» Problem
Down to the last line below, write out every line exactly, starting with the one that contains "Belcher Set Diamond Ring | 0.06ct | SZ 6.25" and leaving out the pictures.

= Beginning of Section =

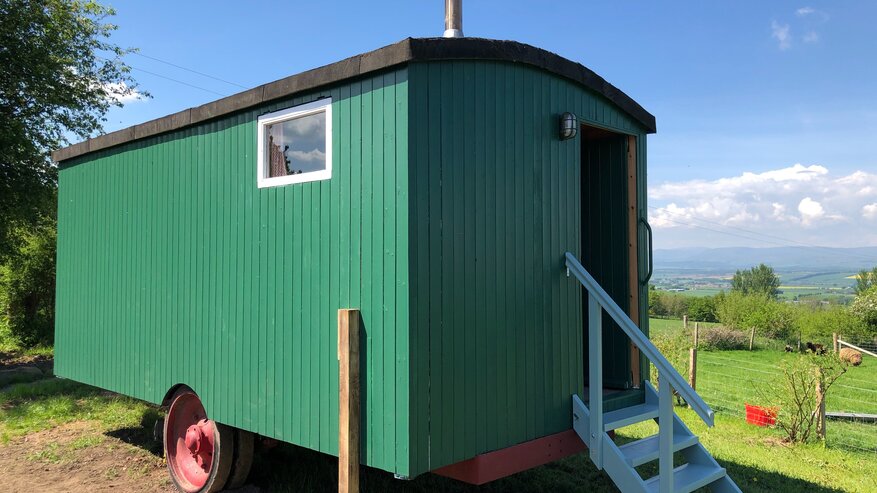 IMG_6359 - The Woodman's Bothy.
Sleeps 2 in double bed.
Has wood burning stove and stunning views.
1 night minimum stay possible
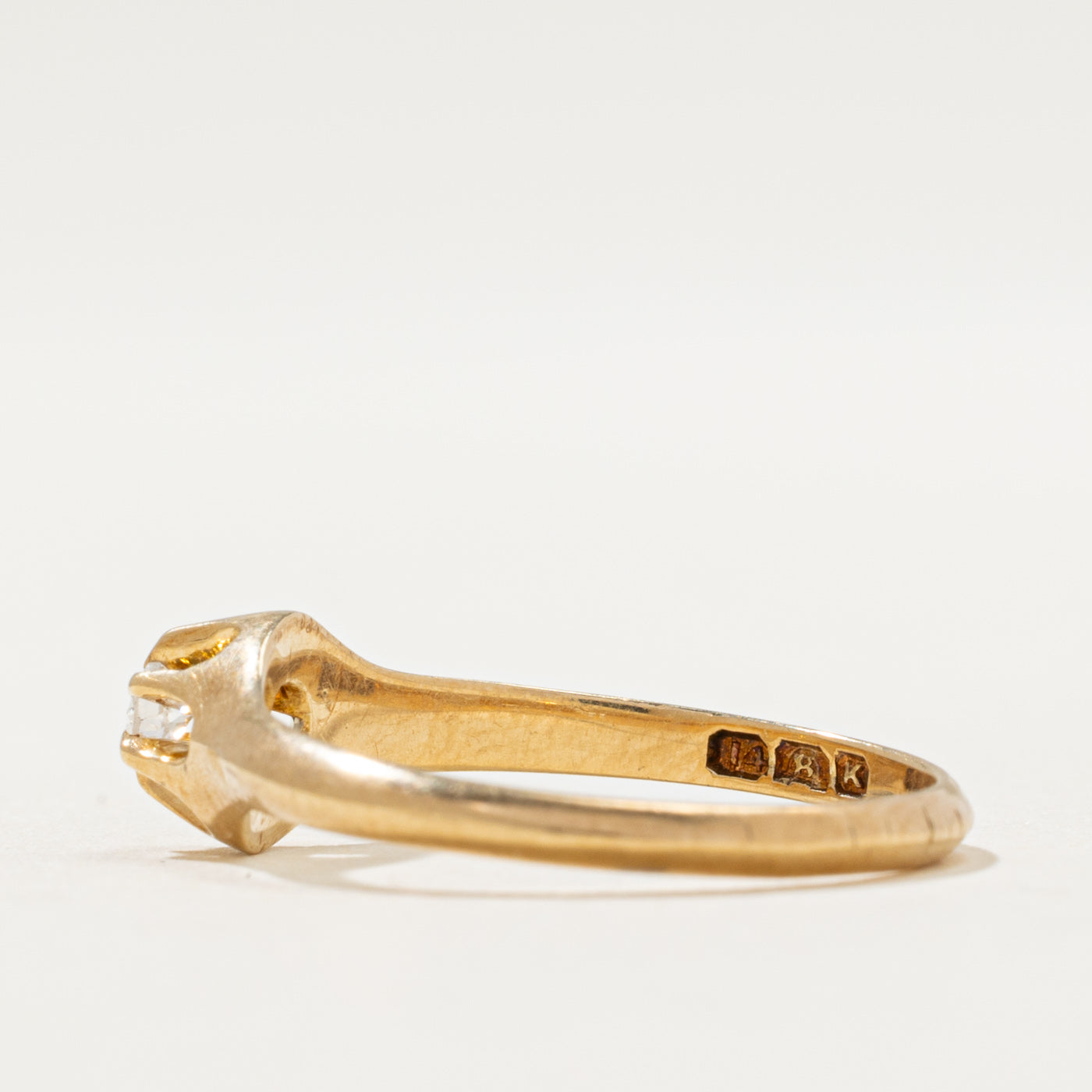 Belcher Set Diamond Ring | 0.06ct | SZ 6.25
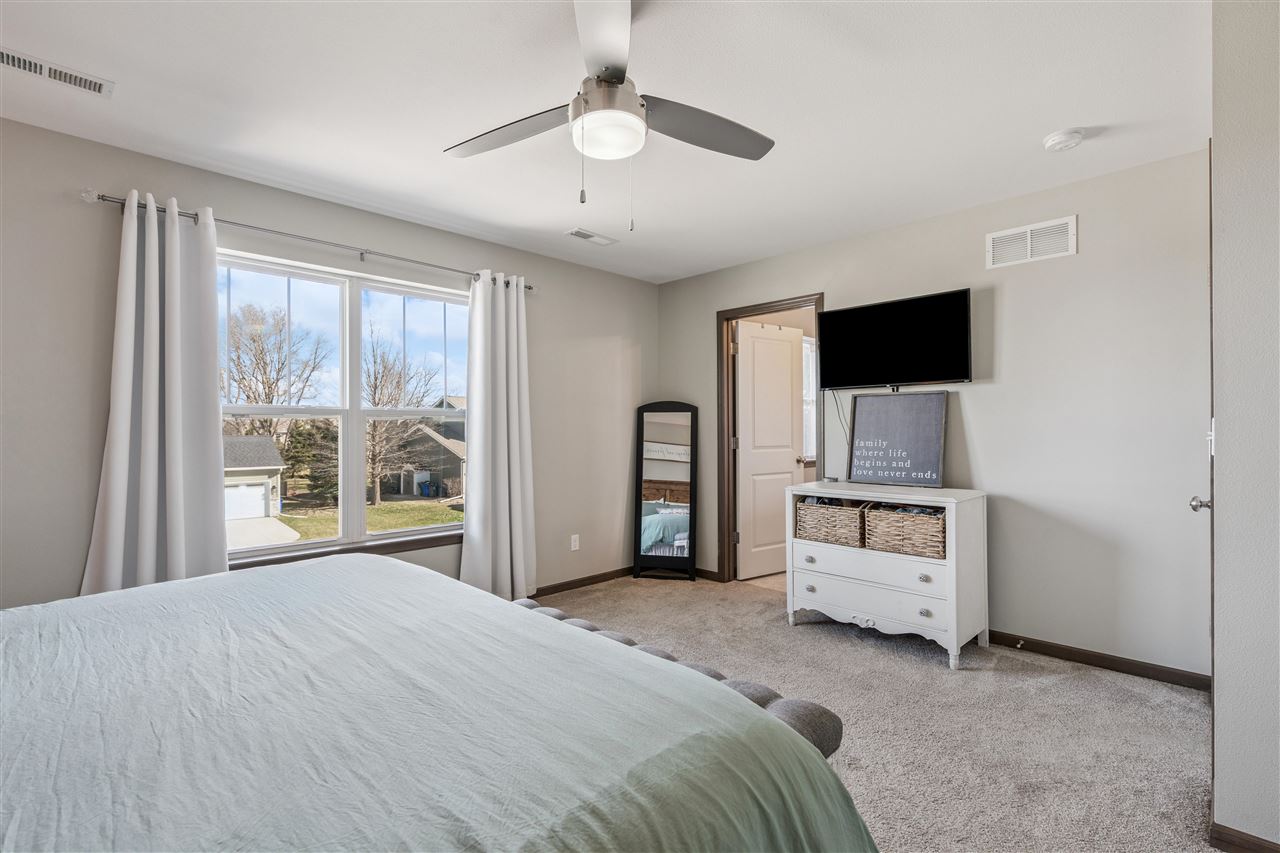 6903 Underwood Avenue SW Cedar Rapids IA 52404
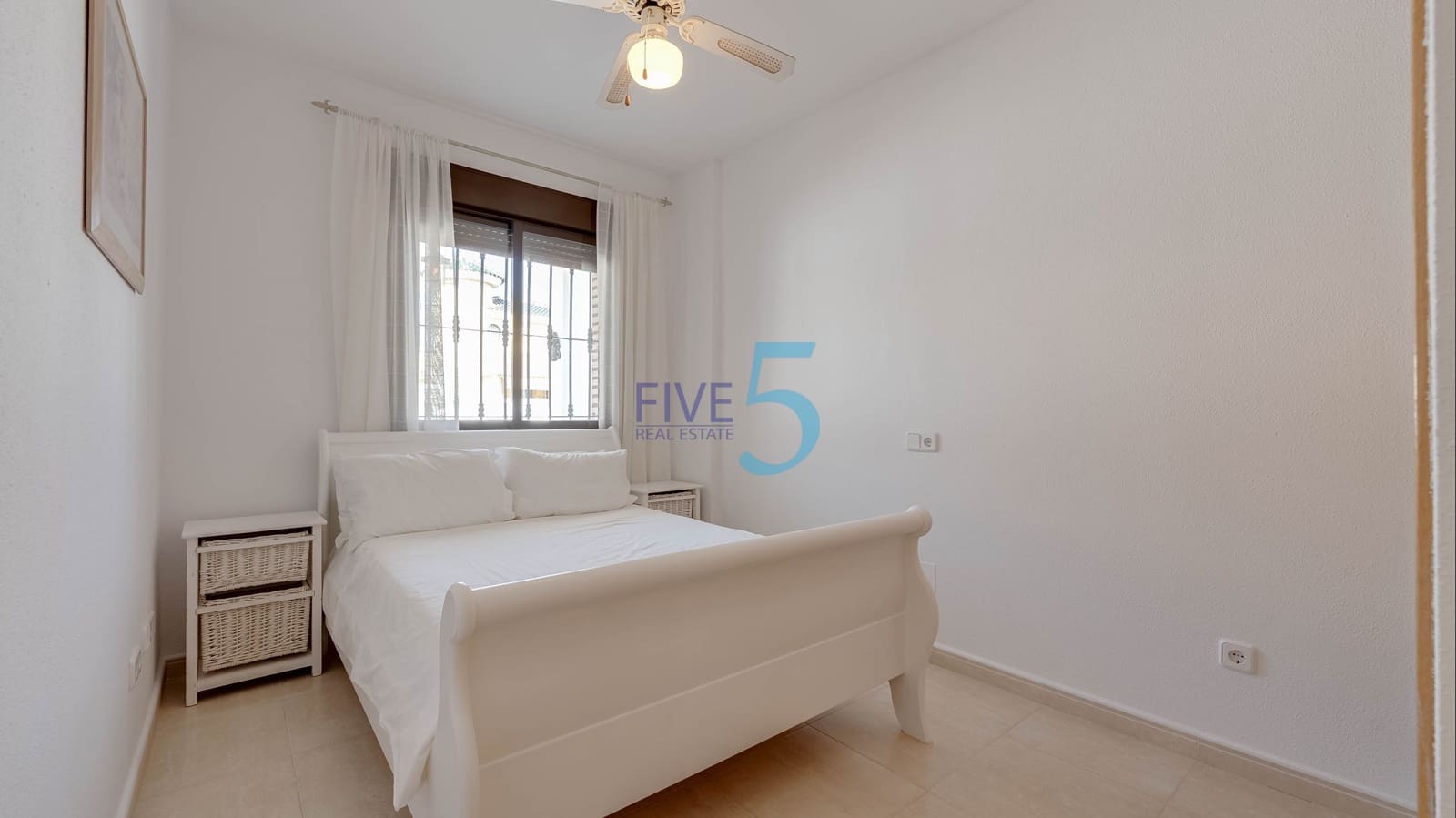 3 soverom Villa til salgs i Villamartin med svømmebasseng garasje - € 299 000 (Ref: 9973845)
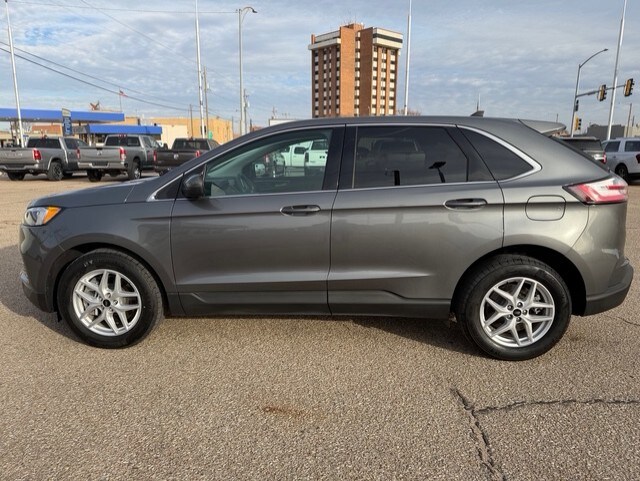 2024 Ford Edge SEL photo 4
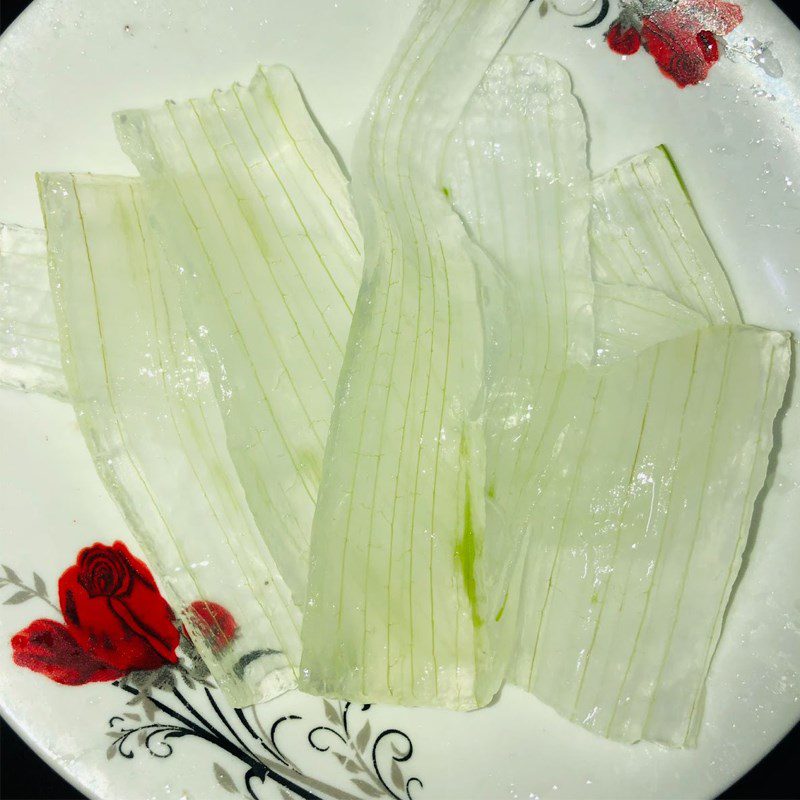 Step 1 Prepare the aloe vera Aloe Vera Yogurt Smoothie
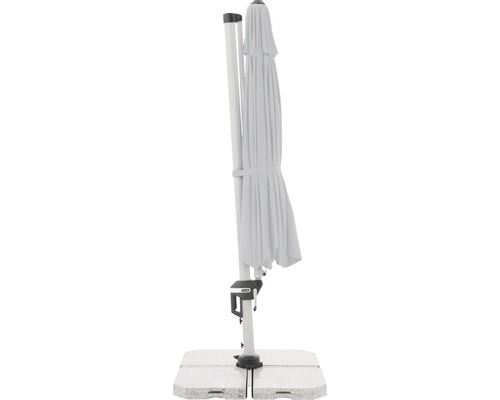 Gesloten zweefparasol op parasolvoet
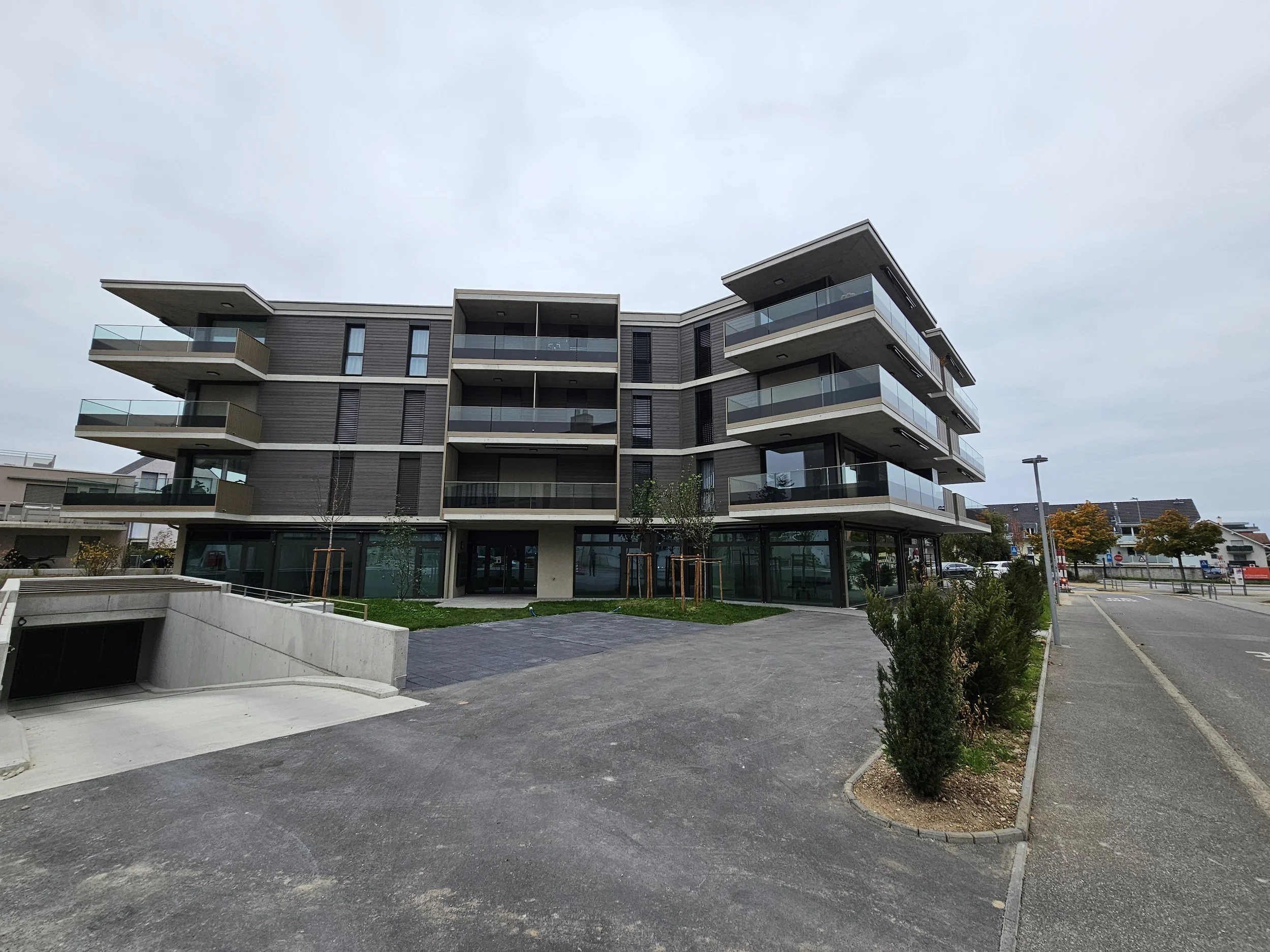 Isolation périphérique avec système PIR-TOP sur immeuble résidentiel à Gland (VD)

= End of Section =

» Response
 Belcher Set Diamond Ring | 0.06ct | SZ 6.25
 6903 Underwood Avenue SW Cedar Rapids IA 52404
 3 soverom Villa til salgs i Villamartin med svømmebasseng garasje - € 299 000 (Ref: 9973845)
 2024 Ford Edge SEL photo 4
 Step 1 Prepare the aloe vera Aloe Vera Yogurt Smoothie
 Gesloten zweefparasol op parasolvoet
 Isolation périphérique avec système PIR-TOP sur immeuble résidentiel à Gland (VD)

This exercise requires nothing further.